もちろん、情報過多になり過ぎて本当に必要なことが見えづらくなったり、相手のことを考えられなくなった社会に変化していることも原因でしょう。イメージが乏しかったり、ヘンな妄想ばかりしたり、羞恥心が出るのって、結局は大切なものを隠そうとし過ぎた結果なんじゃないかな。

 

──隠しすぎることや、性を語ること自体をタブー視する風潮が、妄想のズレを生んだ。そうすると、性的なものって人間を内へ内へとしか持っていくことができませんよね。

 

きっと周りから引かれたくないんでしょうね。だって性においては未だに鎖国状態じゃないですか、日本って。他人の目を気にしすぎなんですよ。もっと自分の欲に素直でいいと思うけどなあ。

エロって、体にまとわりつく
キレイな「ドレープ」みたいなもの

©TOMOMI TAKANO

 

──そんな高野さんが思う「エロ」とは、どんなイメージですか?

 

エロ=「クール(COOL)」かな。私の中ではカッコイイものです。なんていうのかな、黒とかグレーで、とにかくカッコイイ印象。英語では「ホットな女」なんて表現するけど、髪をぐちゃぐちゃってかき乱すような、ああいったイメージです。

 

──ポジティブな印象ですけど、そこに「美しさ」みたいなものも内在する?

単なる快楽を求める手段とは思いません。もっと感覚的で、キレイで、ふわふわっとしていながら、体にまとわりつくドレープみたいな感覚。いつでも近くにあって触れていられる存在というのかな。

 

──そうそう、高野さんといえば、試合前検量でのセクシーすぎる仰天パフォーマンスも話題ですよね。アバダーに扮したかと思えば、白無垢で登場したり、首にニシキヘビ巻いてきたり。あれもエロいっちゃエロい。あの演出って、アドバイザーとかいるんですか?

 

全部ひとりで考えてます。ロードワーク中に毎回アイデアがすーっと降りてくるんですよねぇ。バカでしょ?

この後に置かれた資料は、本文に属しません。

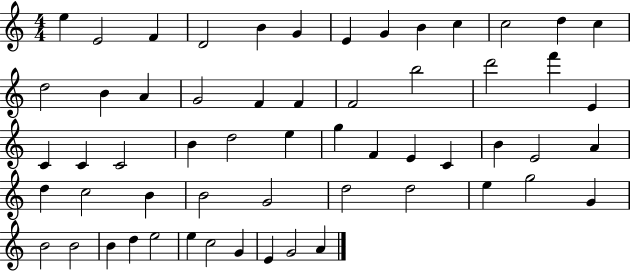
E5/q E4/h F4/q D4/h B4/q G4/q E4/q G4/q B4/q C5/q C5/h D5/q C5/q D5/h B4/q A4/q G4/h F4/q F4/q F4/h B5/h D6/h F6/q E4/q C4/q C4/q C4/h B4/q D5/h E5/q G5/q F4/q E4/q C4/q B4/q E4/h A4/q D5/q C5/h B4/q B4/h G4/h D5/h D5/h E5/q G5/h G4/q B4/h B4/h B4/q D5/q E5/h E5/q C5/h G4/q E4/q G4/h A4/q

私、どんなものにもエンタメというかファンタジー要素が必要だと思っていて。いくら私たちがボクシングに情熱を注いでも、やっぱり興行ですし、そもそも女子は歴史も浅い。だからどんなにおバカなことでも、「またアイツやってるよ」と思われても、高野 人母美だからできるってことをやりたくて。

みんなが少しでも注目してくれて、興味持ってくれて、ひいてはそれが女子ボクシングをもっと知ってもらい、試合会場に足を運んでくれるキッカケになればと思っています。

 

──強さだけでなく、魅せることにおいても自分の表現方法を知っている、高野さんならではの演出だと思っていましたが、深い意図があったわけだ。

 

誰かに決められてやることって、必ず愚痴や後悔が生まれるじゃないですか。だけど、自分で決めたことには納得ができる。だから他人に言われるんじゃなくて自分で決める。それを大切にしています。性においてもね。